Wales first minister defends raising council tax for second homeowners


Second homeowners in parts of Wales face paying up to three times the usual rate of council tax under new laws set to be introduced in April, in a move designed to make it easier for local people to buy their own property.

The devolved government in Cardiff is poised to allow local authorities to introduce the heavier levies on second homes in an effort to deter landlords.

First minister Mark Drakeford told the Financial Times that the policy was designed to address the “anxiety” of Welsh first-time buyers priced out of the market in the place they were born. “It’s not because of wanting to be nasty to people that have second homes,” he said.

Drakeford’s comments came as the Welsh government proposed making a one-off payment to NHS staff in the principality worth about £1,000 for the 2022-23 financial year, in an effort to end strikes by healthcare workers, according to people briefed on the matter.

The new council tax policy, among others, shows how the Welsh government — led by Labour in an informal pact with the nationalist party Plaid Cymru — is taking an innovative approach to fiscal matters.

In line with research by officials suggesting a high concentration of second homes in beauty spots including Snowdonia, Drakeford said “the northwestern and western seaboard of Wales [will be] where those issues are the most concentrated”. “Different councils will use a different combination of new powers available to them,” he added.

Welsh First Minister, Mark Drakeford © Francesca Jones/FT

The London government is about to give English councils the power to double the council tax rate for second homes through its new “levelling-up” bill, aimed at reducing regional inequalities, which would bring it in line with Wales’s previous stance.

“We are trying to preserve the character of those areas . . . if you visit a ghost village, because there is no one living there any more, all the things that made it worth visiting there will have been eroded,” said Drakeford.

At the same time, landlords of “self-catering” properties will have to show that they are being let out for at least 182 days — up from 70 days — a year to continue to receive small business rate relief and avoid paying council tax.

In a separate move, the Welsh government will within the next year bring in a “tourist tax” policy, under which councils will be able to charge visitors to designated areas.

Drakeford said the tourist tax would be a “modest” fee of a couple of pounds for councils to enhance local areas, adding: “It will be hypothecated to the broad purposes that local authorities discharge that make an area attractive to tourists.”

He conceded that he had held “robust” discussions with tourism executives but stressed the policy would “do good for the industry”. “My message to them is that they should get involved and help us to shape this idea.”

Drakeford has also promised a “fairer” council tax system via an imminent revaluation of homes — the first since 2003 — and the introduction of new bands for more expensive properties.

“We should think of extending the number of council bands at the top,” he said. “You pay a bigger proportion of your income in the smallest house on the most modest income in Wales.”

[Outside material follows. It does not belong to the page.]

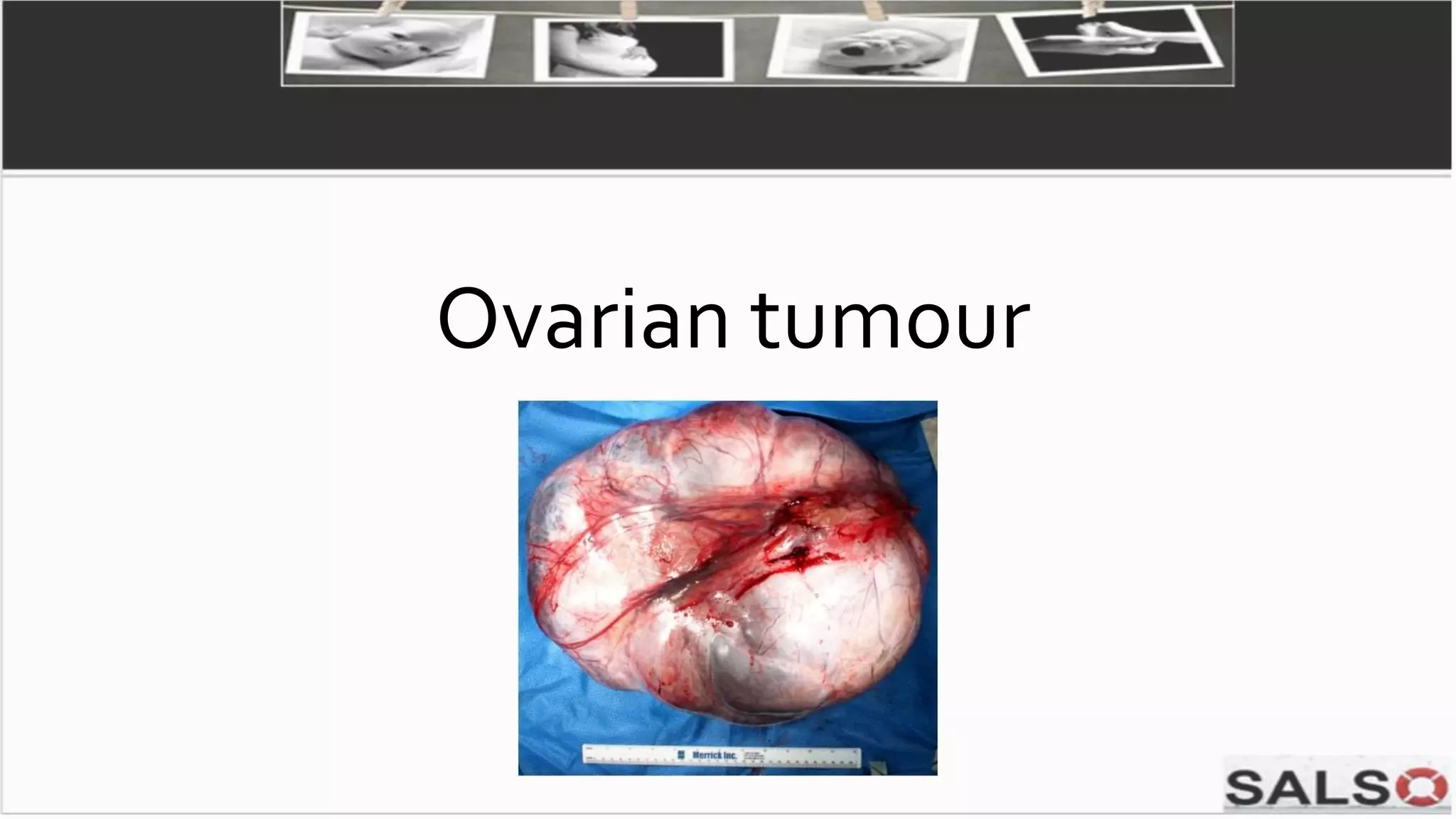 Ovarian tumour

But on income tax, the biggest revenue raiser, Drakeford has resisted calls to increase it by 1p to pay for demands such as higher wages for nurses.

Plaid’s leader Adam Price has argued that lifting income tax would “protect our public services and save lives” and defend Wales from “this Tory onslaught”.

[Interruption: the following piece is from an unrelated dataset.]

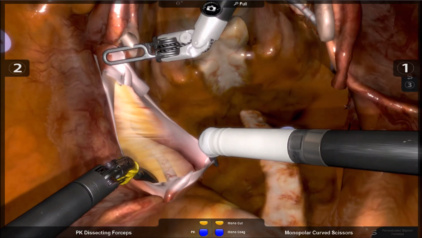 Robotix Mentor Simulator Hysterectomy: Ureter dissection exercise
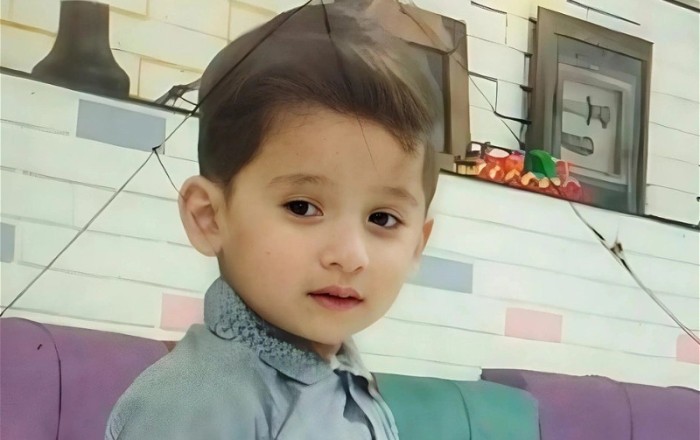 В Баку 5летний мальчик умер после удаления зуба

Drakeford said there had been a “genuine debate” about the policy when in September Liz Truss, then UK prime minister, announced a 1p cut in income tax. But after she scrapped the move, he concluded the rise would be unpopular at a time of surging living costs.

“It would be naive to think you could use all that money for nurses because . . . understandably people in other parts of the public service would be looking to have the same.”

Nevertheless, Drakeford, a self-declared “proud socialist”, admitted it was awkward to be on the opposite side of the argument on pay to unions.

“My awkwardness is being a Labour first minister who has worked very hard alongside our trade union colleagues, managing strikes in the past,” he said. “It is not a comfortable position at all to find ourselves in, when so many of their arguments we believe are powerful.”

The Covid-19 pandemic saw the devolved administrations taking different approaches to lockdown restrictions, with Wales often more cautious than England.

The Conservatives, who want Drakeford — like his Scottish counterpart Nicola Sturgeon — to hold a Wales-specific Covid inquiry, have accused him of presiding over the highest death rate of the four nations.

But Drakeford rejected that claim, saying it should come with its own “very big health warning” because the data had not been adjusted for age. “Wales is older, poorer, sicker than the rest of the UK,” he said, arguing that a UK-wide inquiry was the right approach.